TASK ITEM – The material below includes pictures; leave them out and return only the lines between the line containing "eks C762 User manual" and the line containing "Dynasty Vase Soft Blue", inclusive, word for word.

THE DATA –
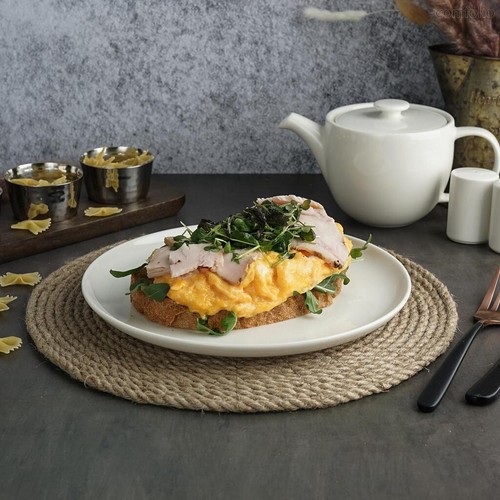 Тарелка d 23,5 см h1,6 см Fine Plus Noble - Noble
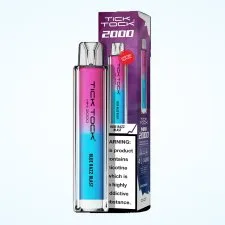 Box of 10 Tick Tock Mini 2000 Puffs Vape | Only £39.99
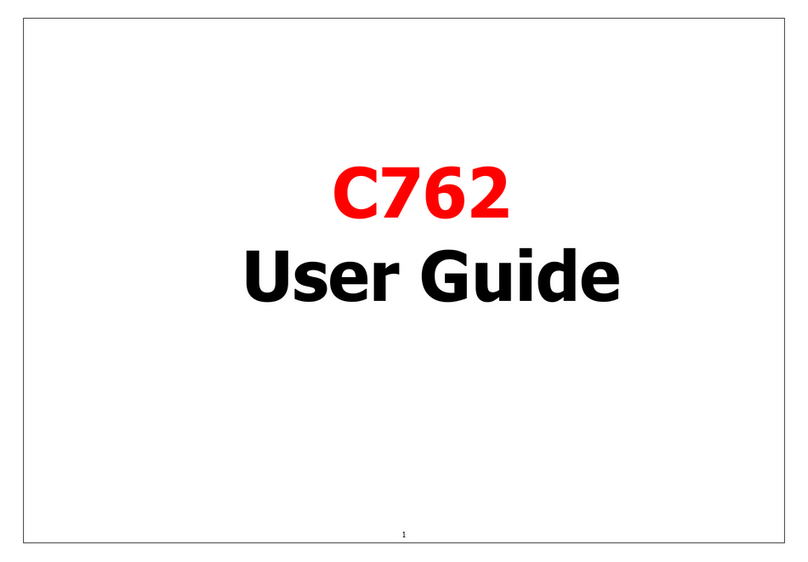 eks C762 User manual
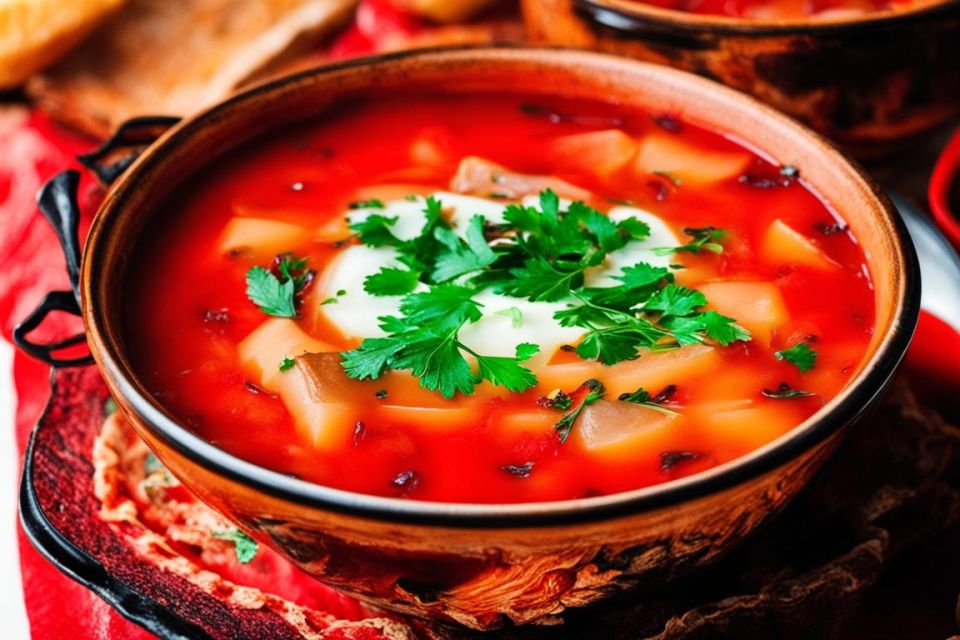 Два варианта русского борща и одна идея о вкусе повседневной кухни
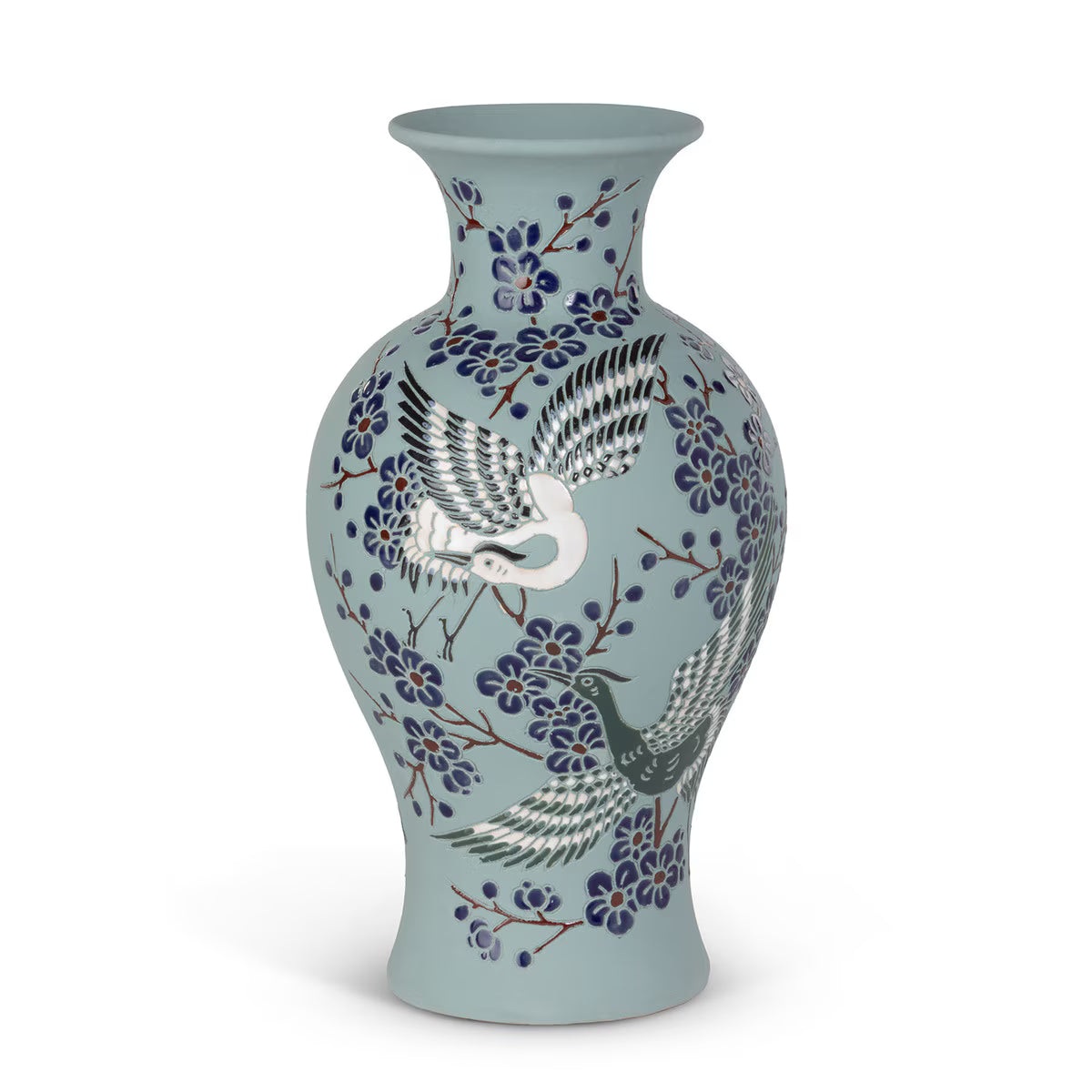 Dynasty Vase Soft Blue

...

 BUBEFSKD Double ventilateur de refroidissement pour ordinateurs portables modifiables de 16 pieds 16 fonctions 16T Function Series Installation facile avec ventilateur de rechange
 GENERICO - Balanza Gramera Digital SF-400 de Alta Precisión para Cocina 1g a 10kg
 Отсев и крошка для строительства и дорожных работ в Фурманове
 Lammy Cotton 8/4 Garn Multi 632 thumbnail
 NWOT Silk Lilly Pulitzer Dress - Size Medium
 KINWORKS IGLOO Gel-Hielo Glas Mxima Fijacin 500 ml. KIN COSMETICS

---

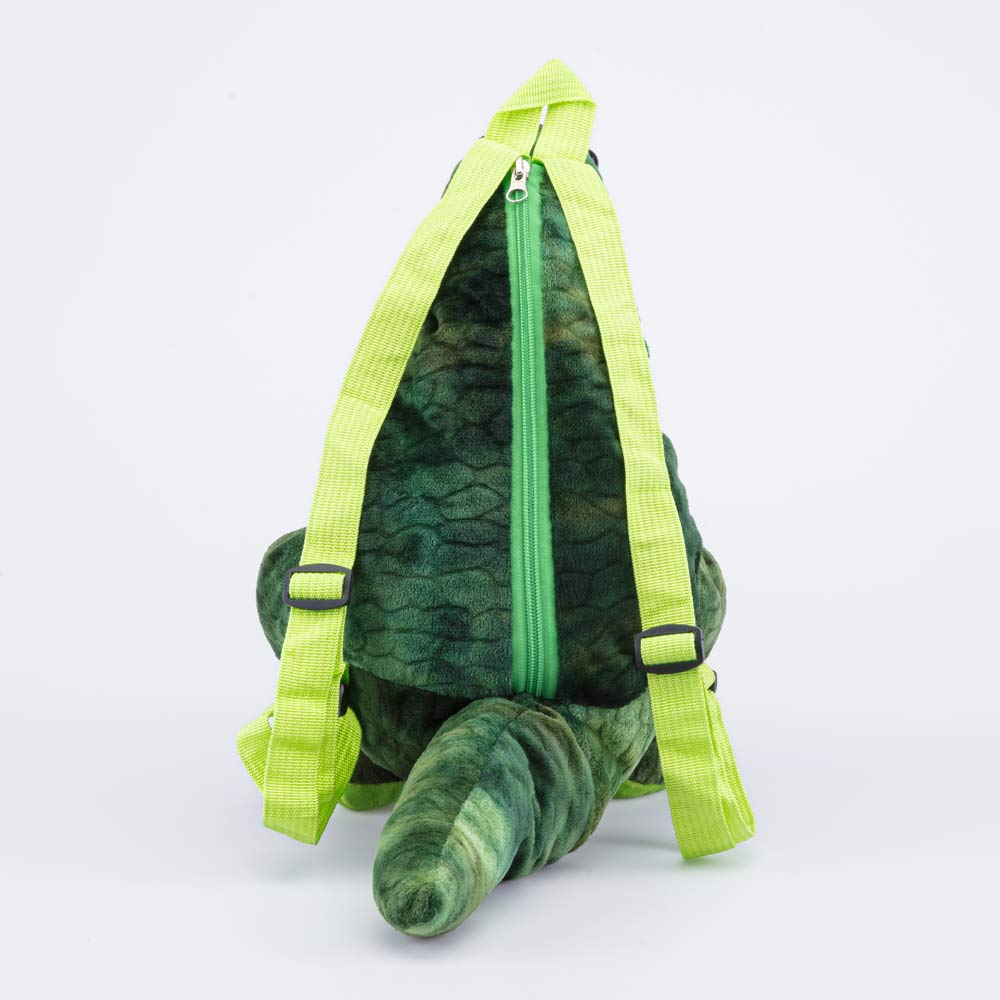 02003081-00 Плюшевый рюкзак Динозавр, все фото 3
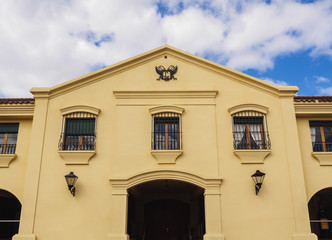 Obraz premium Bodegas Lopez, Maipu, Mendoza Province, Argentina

EXERCISE OUTPUT –
 eks C762 User manual
 Два варианта русского борща и одна идея о вкусе повседневной кухни
 Dynasty Vase Soft Blue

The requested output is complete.